Pathfinder and Call of Cthulhu RPGs sell out months’ worth of books in two weeks after D&D OGL backlash
Paizo and Chaosium announce extra printings following ‘overwhelming surge’ in interest.
It looks like Dungeons & Dragons players are flocking to other big-name RPGs in the wake of the embattled game’s recent OGL controversy.
The makers of fantasy RPG Pathfinder and horror classic Call of Cthulhu have both reported a massive jump in sales following the leaked revisions to the Open Gaming Licence revealed at the start of January.

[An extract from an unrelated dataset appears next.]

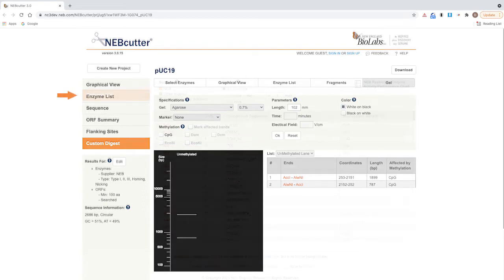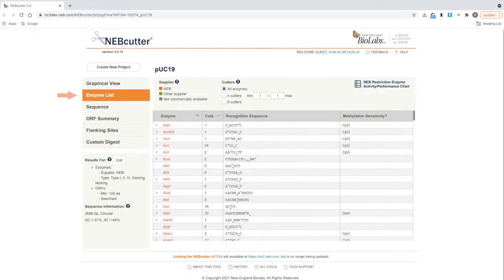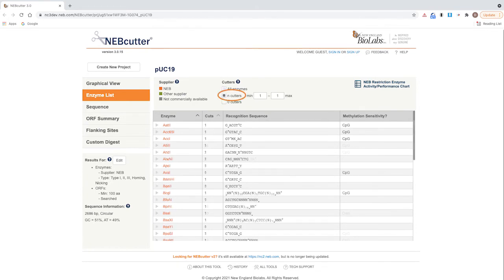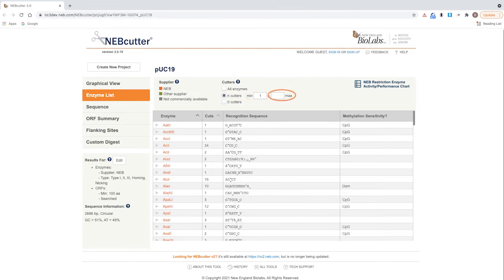The enzyme list view also shows a full list of restriction enzyme sites in the sequence by selecting N cutters and setting Min to 1. You can leave max blank.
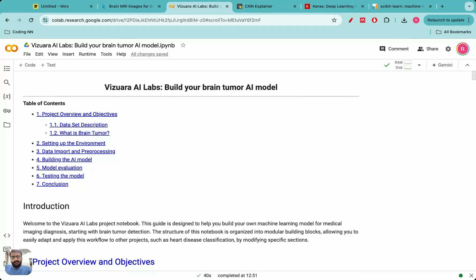Hello everyone, welcome to this video on convolutional neural networks. In this video we will be building our own CNN model and applying it to a very hands-on project — we'll be building our own brain tumor AI model which can classify MRI scans into whether a brain tumor is present or absent.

D&D maker Wizards of the Coast eventually followed its widely-lambasted proposal - which included controversial changes to the document allowing third-party creators to use elements of D&D in their own creations - with an apology on January 13th and the promise that it would playtest future versions of the OGL, as well as releasing D&D’s core mechanics freely under a Creative Commons licence.
Despite Wizards’ attempts to regain players’ trust, Paizo announced on January 26th that it had seen an “overwhelming” amount of interest in its fantasy RPG Pathfinder - which was originally built on D&D 3.5 using the OGL.
According to the publisher, it sold out of eight months’ worth of the game’s physical core rulebook in the last two weeks, with the RPG’s Beginner Box starter kits seeing a similar ‘surge’. Paizo confirmed it had ordered an additional print run of the hardcover core rulebook to meet the demand, due to arrive in mid-April.
Call of Cthulhu studio Chaosium similarly reported a boom in players on January 27th, describing the increased demand for the long-running horror RPG over the last two weeks as “a truly monstrous surge”.
The publisher said it expected to sell through copies of Call of Cthulhu’s starter set “months ahead of schedule” as the result of its explosion in popularity. A new printing of Call of Cthulhu is due to arrive in early February, followed by a second in March.
The surge in players coincides with Paizo’s announcement of its own alternative to the OGL, the Open RPG Creative License, on January 12th. The publisher described the ORC as an effort to “irrevocably and unquestionably keep alive the spirit of the Open Game License”, by handing control of the licence to a non-profit organisation “with open source values” and allowing any RPG publisher to make its core gameplay mechanics available for third-party creators.
Among the first publishers to pledge their support to the system-agnostic open gaming licence was Chaosium, with Paizo claiming last week that over 1,500 companies have backed ORC so far.